De kantonrechter overweegt dat met gewichtige redenen die tot ontslag kunnen leiden bijvoorbeeld wordt bedoeld misbruik van bevoegdheid, verwaarlozing van zijn verplichtingen of de omstandigheid dat de testamentair bewindvoerder niet in staat is tot een behoorlijke uitoefening van zijn taak. Ook een ernstige mate van wantrouwen van de rechthebbende jegens de testamentair bewindvoerder kan een gewichtige reden zijn voor ontslag indien dit wantrouwen gegrond is. Bij de verwaarlozing van verplichtingen door een bewindvoerder is mede te denken aan het niet voldoen aan de verplichting tot het opstellen van een boedelbeschrijving en de verplichting tot het afleggen van periodieke rekening en verantwoording.
[A] heeft geen periodieke rekening en verantwoording afgelegd aan verzoekster. Verder is onbekend of [A] een beschrijving van de onder bewind vallende goederen heeft opgemaakt. De kantonrechter is van oordeel dat het wantrouwen van verzoekster gegrond is, gelet op de privé-opnames door [A] ten laste van de bankrekeningen van de rechthebbenden. Dit alles maakt dat voor het ontslag van [A] gewichtige redenen aanwezig zijn. Daarom zal de kantonrechter het verzoek tot ontslag van [A] als testamentair bewindvoerder toewijzen.

2.Verzoek tot benoeming bewindvoerder

Het verzoek strekt verder tot benoeming van de heer [C] tot opvolgend testamentair bewindvoerder. De kantonrechter overweegt dat erflater in zijn testament heeft bepaald dat de bewindvoerder verplicht is binnen zes maanden bij notariële akte een opvolgend bewindvoerder te benoemen. Niet is gebleken dat [A] aan die verplichting heeft voldaan. Verder voorziet het testament van erflater niet in een regeling van de benoeming van een opvolgend bewindvoerder, zodat de kantonrechter op grond van artikel 4:157 lid 1 BW een bewindvoerder kan benoemen.
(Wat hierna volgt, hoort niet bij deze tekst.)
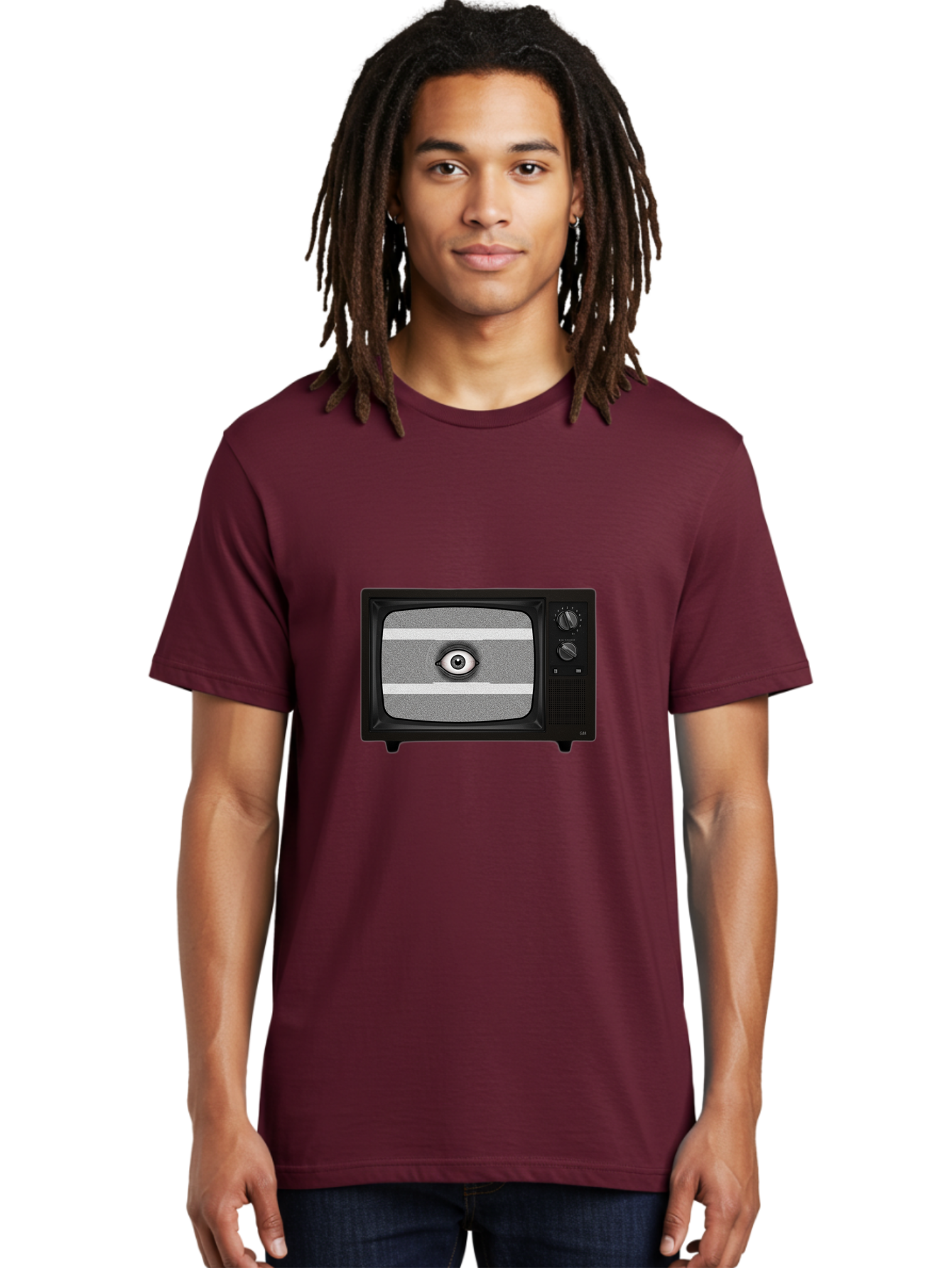 Old-Tv-With-Eye Men'S Graphic Tee, 100% Cotton, Comfortable Casual Summer Wear, Machine Washable, Vintage Camera, Old Camera, Antique Camera, Black Camera, Classic Photography, Photography Equipment, Nostalgic Device, Film Camera, Camera Art Bak996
Uit de overgelegde bereidverklaring blijkt dat tegen de voorgestelde opvolgend bewindvoerder geen bezwaren bestaan in de zin van artikel 4:157 lid 2 BW. De kantonrechter zal daarom [C] tot testamentair bewindvoerder benoemen.
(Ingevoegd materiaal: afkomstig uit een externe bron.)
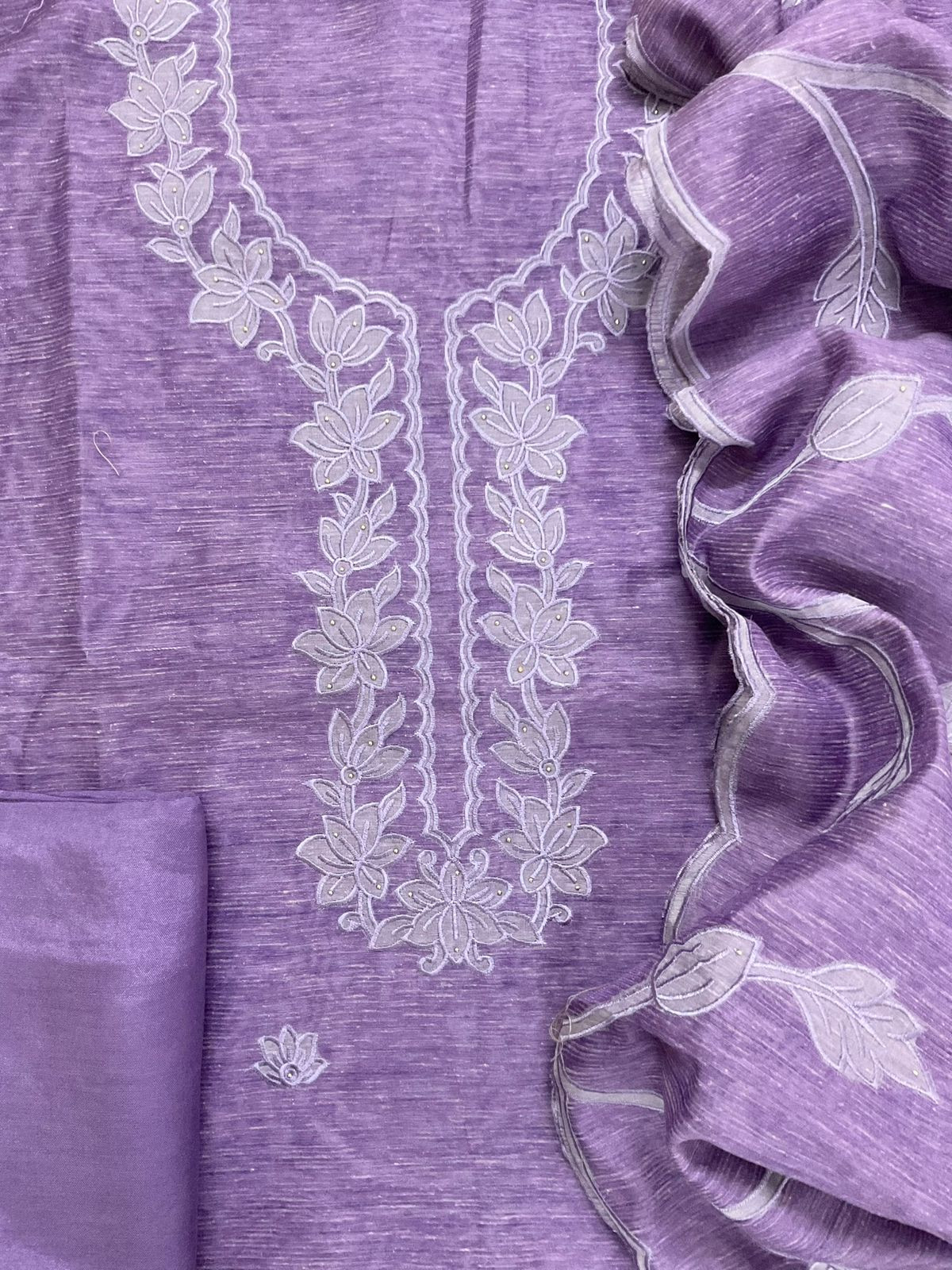 Soft Tissue Slub Cotton Printed Embroidered Suit - Lavender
Op grond van artikel 4:165 lid 1 BW dient [A] de goederen die hij wegens het bewind beheert, af te dragen aan de opvolgend bewindvoerder, dus aan [C] . Verder dient [A] op grond van art. 4:161 lid 1 BW, waarvan in het testament niet is afgeweken, bij het einde van zijn bewind aan de (wettelijk vertegenwoordiger van) rechthebbenden, dus aan verzoekster, rekening en verantwoording af te leggen, alsmede aan degene die hem in het beheer van de goederen opvolgt, dus aan [C] .
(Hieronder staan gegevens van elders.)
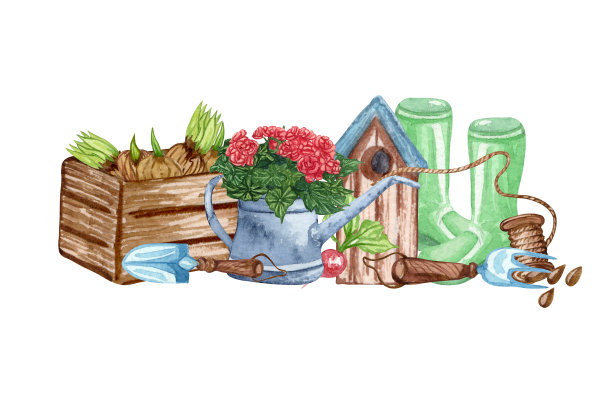 水彩集花园物件一袋泥，喷壶，花盆，种子。园艺工具。春天花园插图。图片下载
3.Proceskostenveroordeling

Verzoekster vraagt ook [A] te veroordelen in de kosten van deze procedure. De kantonrechter zal het verzoek toewijzen, omdat [A] de in het ongelijk gestelde partij is en compensatie op de voet van artikel 237 Wetboek van Burgerlijke Rechtsvordering niet aan de orde is, omdat geen sprake is van een familierechtelijke relatie tussen partijen als bedoeld in dat artikel.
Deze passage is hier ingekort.